PROBLEM TO WORK ON —
Give back the line containing "आईच्या निधनाच्या दुसऱ्या" along with every line after it, exactly, until the entries end.

START DATA FOR PROCESSING

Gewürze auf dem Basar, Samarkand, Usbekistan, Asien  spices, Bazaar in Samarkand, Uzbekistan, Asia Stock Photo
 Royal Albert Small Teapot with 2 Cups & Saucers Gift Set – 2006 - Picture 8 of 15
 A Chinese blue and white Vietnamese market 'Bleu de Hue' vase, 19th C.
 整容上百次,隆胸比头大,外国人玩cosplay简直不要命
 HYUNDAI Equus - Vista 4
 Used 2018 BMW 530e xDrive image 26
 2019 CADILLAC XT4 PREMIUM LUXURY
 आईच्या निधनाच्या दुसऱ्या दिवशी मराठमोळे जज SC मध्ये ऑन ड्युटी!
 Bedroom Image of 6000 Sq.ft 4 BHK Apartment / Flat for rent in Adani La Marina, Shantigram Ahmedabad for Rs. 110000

END DATA FOR PROCESSING

OUTPUT BELOW —
 आईच्या निधनाच्या दुसऱ्या दिवशी मराठमोळे जज SC मध्ये ऑन ड्युटी!
 Bedroom Image of 6000 Sq.ft 4 BHK Apartment / Flat for rent in Adani La Marina, Shantigram Ahmedabad for Rs. 110000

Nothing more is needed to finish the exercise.